Supplied material:
================================
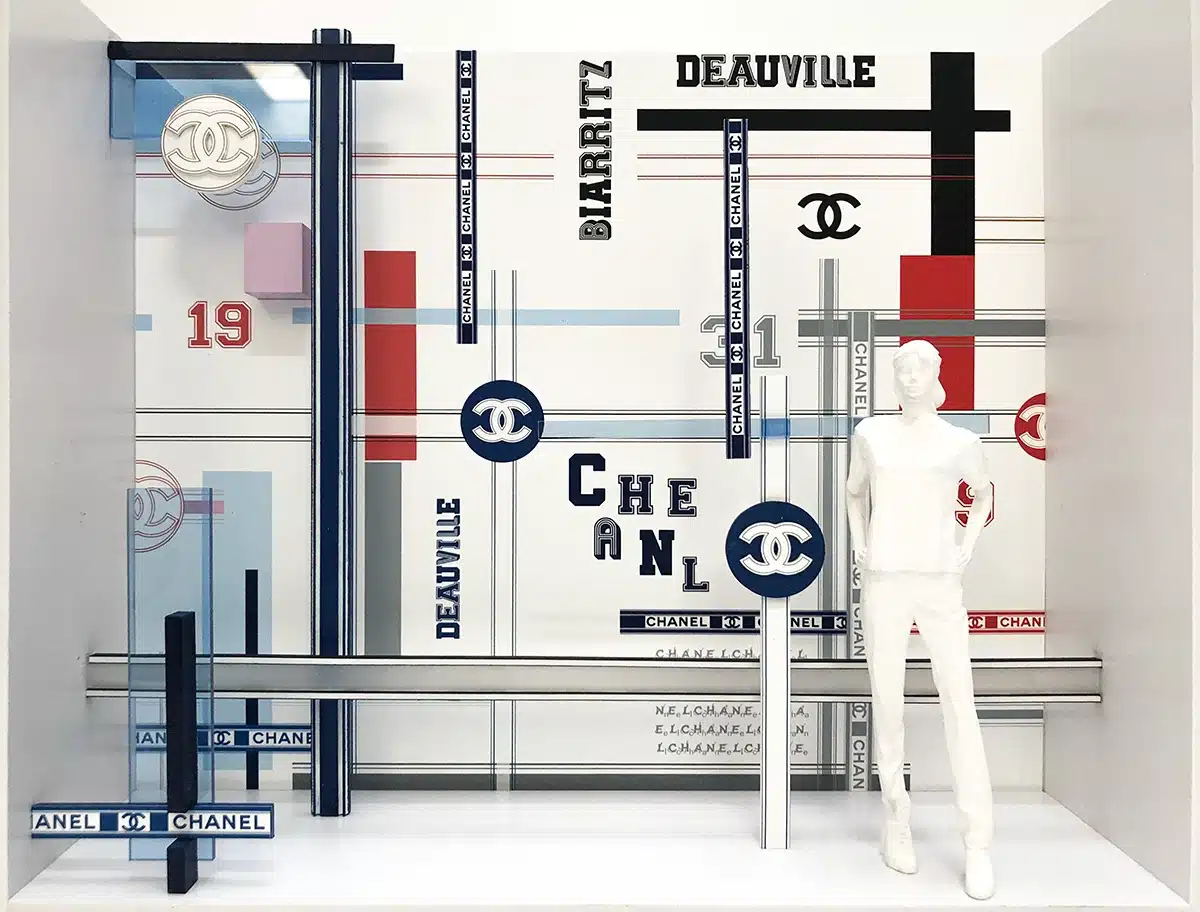 maquettes présentent un univers graphique très structuré, composé de lignes parallèles, bandes colorées et typographies inspirées de plans urbains et de signalétique sportive. Les couleurs principales — rouge, bleu, noir, or et gris — encadrent un mannequin blanc minimaliste placé au centre, mettant en scène l’espace comme une composition graphique en trois dimensions. Les éléments emblématiques de la maison Chanel (logo CC, chiffre 5, numéros 19, 31) surgissent sous forme de blocs en relief. L’ensemble évoque un décor moderne, rythmé et architectural, à la fois ludique et élégant, déployé ensuite en vitrine réelle où les mannequins portent les silhouettes Chanel devant cette cartographie stylisée.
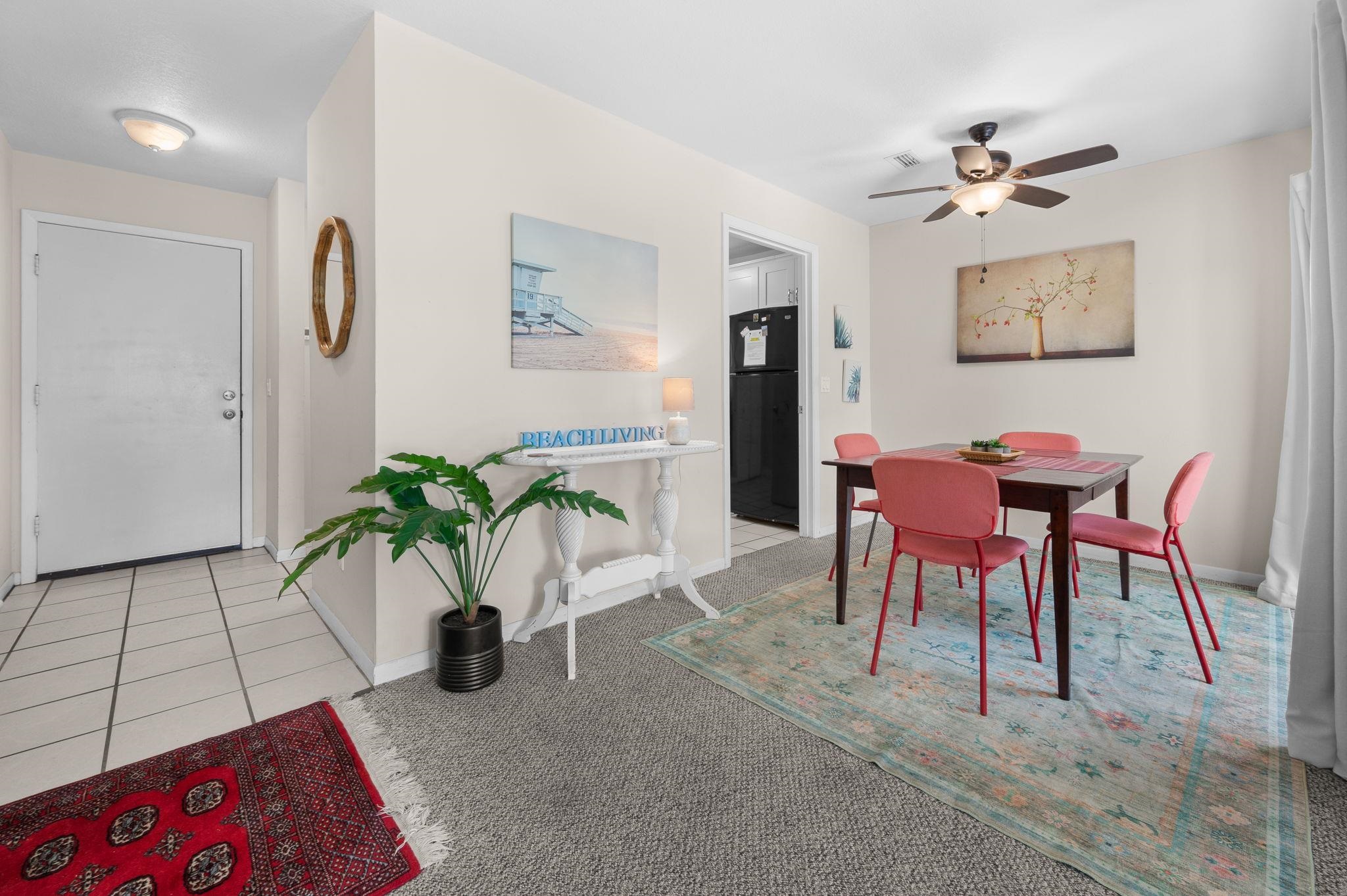 3960 A1A South, Unit 520 St. Augustine, FL 32080 - Photo 8 of 51 a living room with furniture and a potted plant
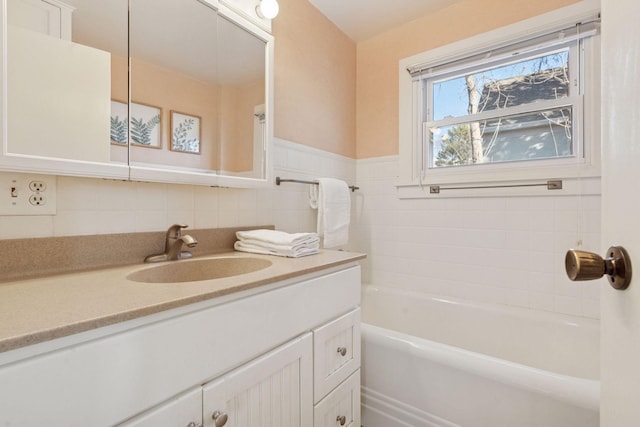 bathroom featuring a tub to relax in, wainscoting, vanity, and tile walls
================================
Aim of the task: Copy verbatim the span that opens at the line with "3960 A1A South, Unit" and closes at the final line of the listing. Do not carry over any pictures.

Task output:
 3960 A1A South, Unit 520 St. Augustine, FL 32080 - Photo 8 of 51 a living room with furniture and a potted plant
 bathroom featuring a tub to relax in, wainscoting, vanity, and tile walls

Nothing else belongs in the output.